_Exercise aim_:
Both the line containing "Womens Victorias Secret" and the line containing "Shirt (Hel framsida)" belong to the span. Output exactly that span from the listing below, and nothing outside it.

_Records for processing_:
=== Section Start ===
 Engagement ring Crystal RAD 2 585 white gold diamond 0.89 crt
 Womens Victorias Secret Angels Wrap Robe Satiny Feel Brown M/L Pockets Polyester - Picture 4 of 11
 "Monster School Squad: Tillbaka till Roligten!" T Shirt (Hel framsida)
=== Section End ===
=== Section Start ===
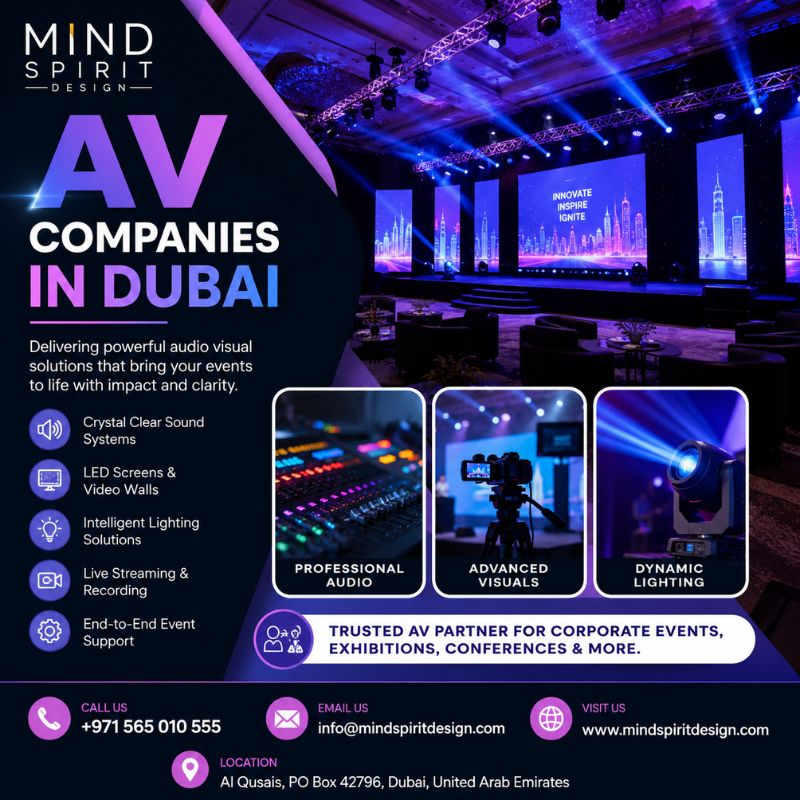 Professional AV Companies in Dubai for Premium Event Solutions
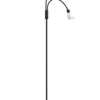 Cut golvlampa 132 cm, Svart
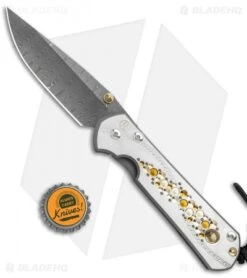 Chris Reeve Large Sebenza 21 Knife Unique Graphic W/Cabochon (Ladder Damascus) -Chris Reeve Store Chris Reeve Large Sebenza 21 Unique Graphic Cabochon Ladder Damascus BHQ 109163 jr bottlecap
=== Section End ===
=== Section Start ===
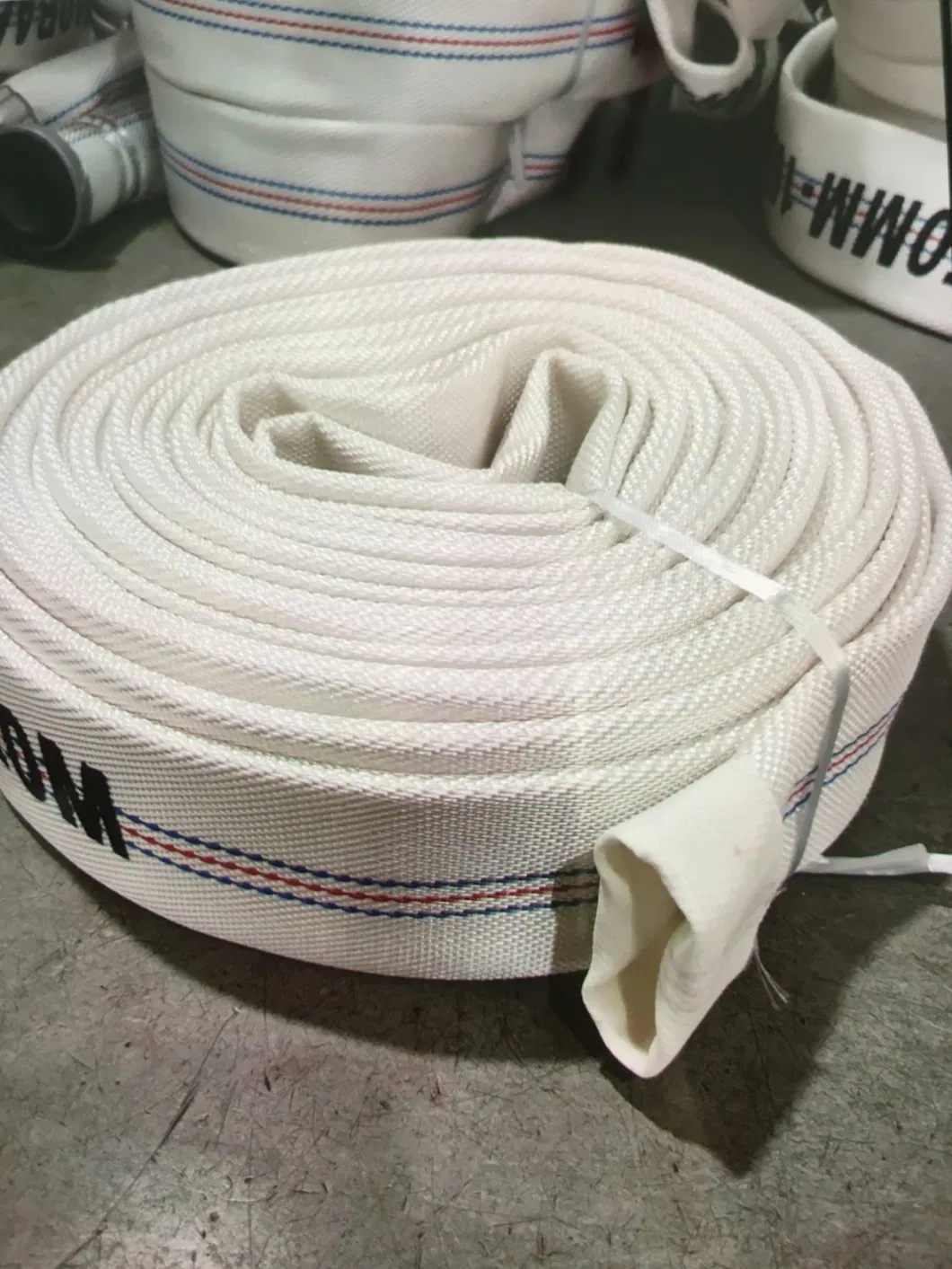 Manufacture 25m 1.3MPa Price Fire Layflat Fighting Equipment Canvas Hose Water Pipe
=== Section End ===
_Written reply_:
 Womens Victorias Secret Angels Wrap Robe Satiny Feel Brown M/L Pockets Polyester - Picture 4 of 11
 "Monster School Squad: Tillbaka till Roligten!" T Shirt (Hel framsida)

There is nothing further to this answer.